Histoire d'un lieu :
La ville de Jaffa est un paradoxe urbain, qui accueille à la fois les difficultés du dialogue israélo-palestinien et la richesse culturelle de la civilisation que ces deux peuples ont en partage. Cosmopolite, "la ville aux oranges" a servi de refuge aux prisonniers des camps de concentration, à partir de 1948 et de la création de l'Etat d'Israël. Aujourd'hui, la richesse de Jaffa réside dans son port et plus précisément dans cette ouverture maritime qui escamote discours politiques et dogmes religieux. Juifs, Arabes, Chrétiens, Orthodoxes ou Druzes, tous, foulent les pavés de cette ville. "En tournant à Jaffa, j'ai essayé de montrer que le conflit entre Israël et la Palestine ne peut pas être réglé en érigeant un mur", déclare la cinéaste Keren Yedaya.
Un projet politique mais esthétique :
C'est après avoir achevé le scénario de Mon trésor que Keren Yedaya a commencé à réfléchir au projet de Jaffa, qu'elle voulait politique et focalisé sur le conflit israélo-palestinien. Le désir premier de la cinéaste restait néanmoins de toucher un public plus large que les passionnés de politique eux-mêmes.
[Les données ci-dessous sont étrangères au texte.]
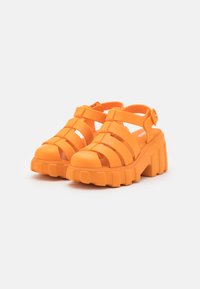 Melissa MEGAN - Platforminiai sandalai - orange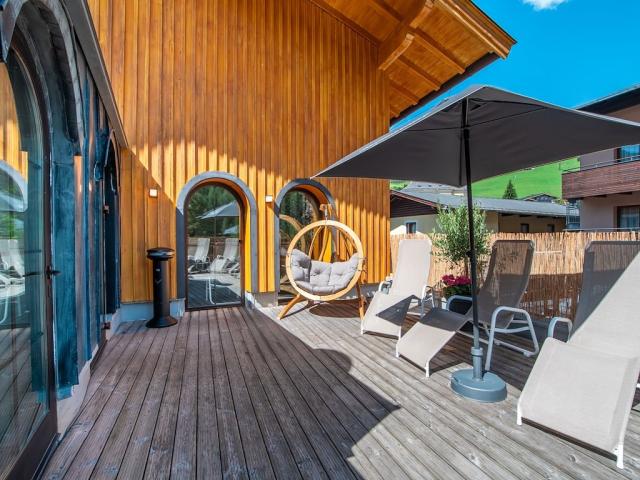 auenbereich-wellness-liegestuehle-haengesessel-schirm-jufa-alpe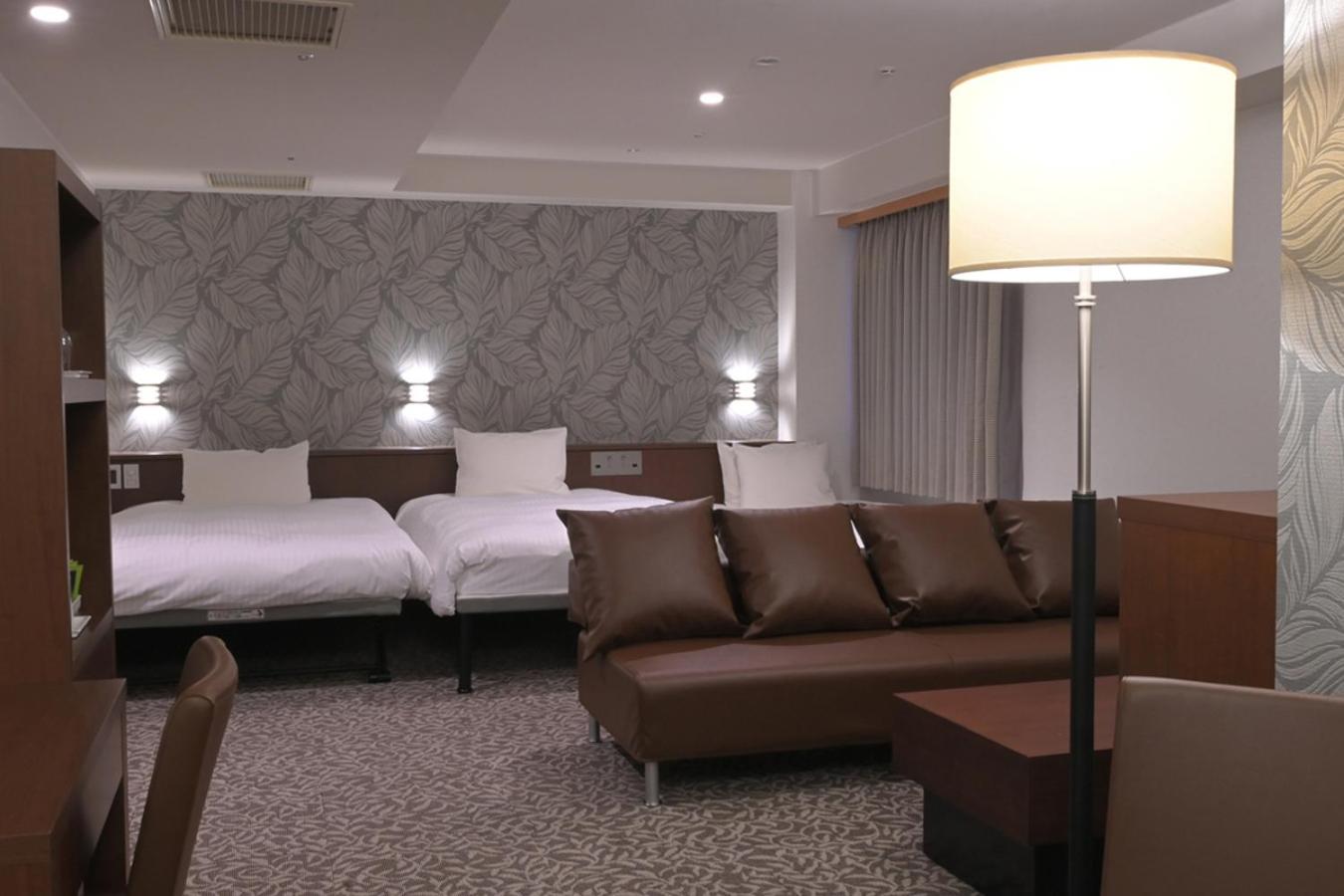 Quadruple Room With Bathroom - Photo 1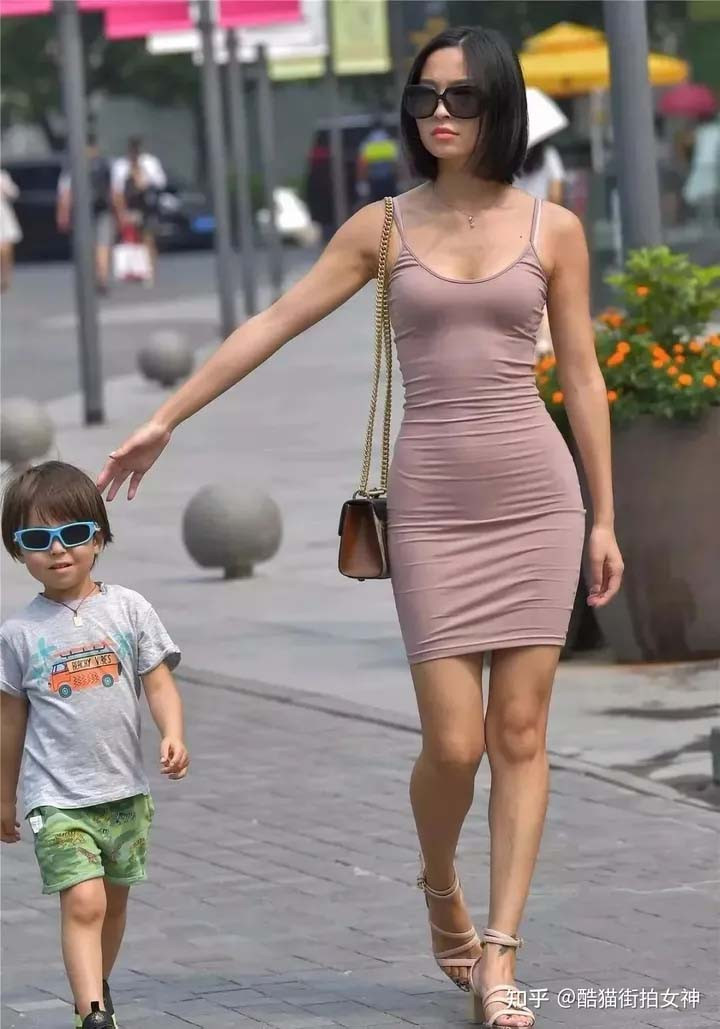 Xuất hiện nhiều bà mẹ trẻ gây chú ý khi đưa con đến lớp Xuat hien nhieu ba me tre gay chu y khi dua con den lop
Elle a ainsi trouvé son inspiration à la fois esthétique et politique dans le cinéma égyptien de son enfance: "Du point de vue du style, je voulais surtout faire un film séduisant et accessible : je souhaitais que Jaffa ressemble à un mélodrame populaire...une sorte de friandise pour le public, mais avec un goût étrange", confie-t-elle. Elle a ainsi renoncé à la grue ou à la dolly afin de s'écarter du modèle majeur occidental, au profit du zoom considéré comme mineur et populaire. Cherchant à élargir sa créativité, le metteur en scène a en outre voulu montrer qu'il était possible "d'apprécier la culture de l'autre (dans [s]on cas, la culture arabe), et pas uniquement la culture européenne qui reste le paradigme de ce qu'on considère comme "artistique"."
Echanges de points de vue :
A l'origine de deux courts-métrages en 2001 et de Mon trésor, son premier long-métrage en 2004, Keren Yedaya a depuis toujours travaillé en collaboration avec ses amies Sari Ezouz et Illa Ben Porat pour l'écriture de scénario.